New issue
Advanced search Search tips
Note: Color blocks (like or ) mean that a user may not be available. Tooltip shows the reason.

Issue 621317 link

Starred by 3 users

Issue metadata

Status: WontFix
Owner:
Closed: Dec 2016
Cc:
Components:
EstimatedDays: ----
NextAction: ----
OS: Chrome
Pri: 2
Type: Bug

Blocking:
issue 621136



Sign in to add a comment

discrepancy between staged.timestamp and test job's view of staging time

Project Member Reported by akes...@chromium.org, Jun 18 2016

Issue description

Extracted from crbug.com/621136

dshi writes:
I can't explain this.

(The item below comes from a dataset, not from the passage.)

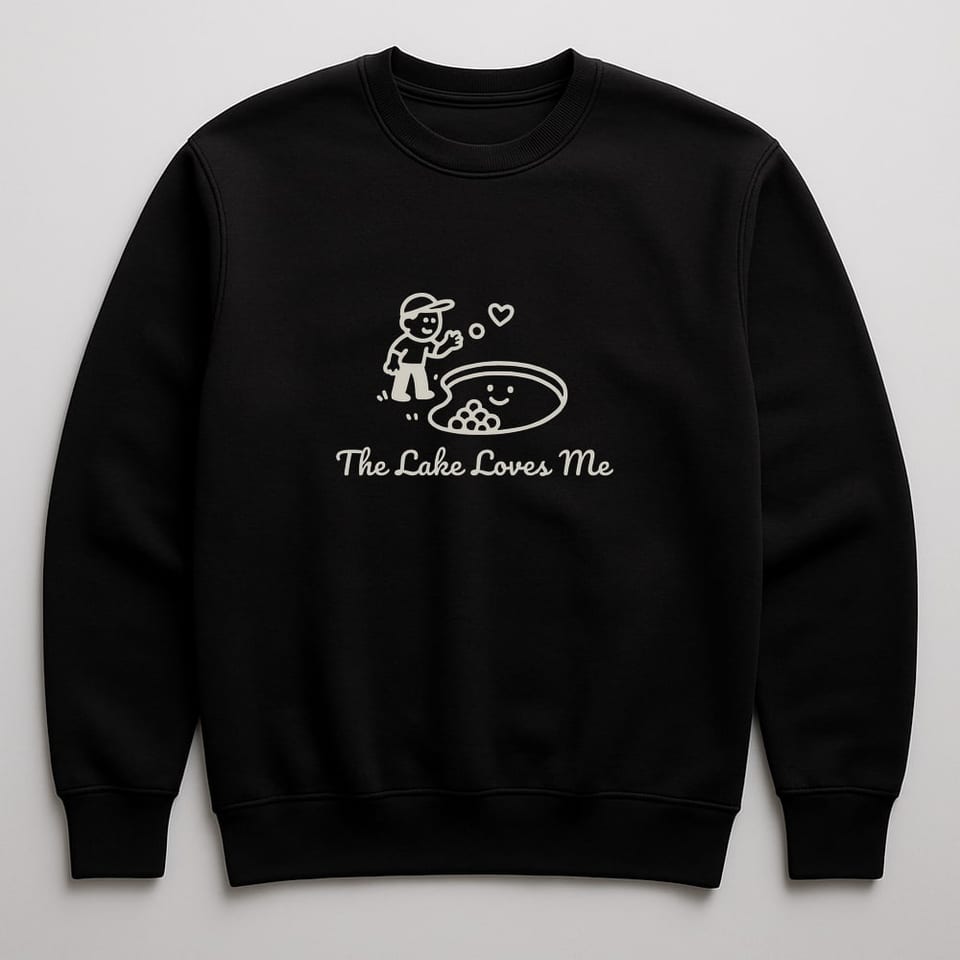 The Lake Loves Me sweatshirt, Black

From the image folder:
chromeos-test@chromeos2-devserver5:~/images/lumpy-paladin/R53-8466.0.0-rc2$ ll
total 1173036
drwxr-xr-x 8 chromeos-test chromeos-test      4096 Jun 17 15:18 autotest
-rw-r--r-- 1 chromeos-test chromeos-test 382709760 Jun 17 15:18 autotest_packages.tar
-rw-r--r-- 1 chromeos-test chromeos-test   2734080 Jun 17 13:51 control_files.tar
-rw-r--r-- 1 chromeos-test chromeos-test         0 Jun 17 13:54 staged.timestamp
-rw-r--r-- 1 chromeos-test chromeos-test 264100342 Jun 17 13:54 stateful.tgz
-rw-r--r-- 1 chromeos-test chromeos-test     27835 Jun 17 13:51 test_suites.tar.bz2
-rw-r--r-- 1 chromeos-test chromeos-test 551591990 Jun 17 13:54 update.gz
-rw-r--r-- 1 chromeos-test chromeos-test       183 Jun 17 15:19 update.meta

staged.timestamp shows the staging completed at 13:54
However, the test log show stage didn't complete until 15:24
06/17 15:24:45.823 INFO |        dev_server:0961| Finished staging artifacts: build=lumpy-paladin/R53-8466.0.0-rc2, artifacts=['full_payload', 'stateful', 'autotest_packages'], files=, archive_url=gs://chromeos-image-archive/lumpy-paladin/R53-8466.0.0-rc2

Need to look into devserver code more.
 
Blocking: 621136
I'm seeing another occurrence of something like this.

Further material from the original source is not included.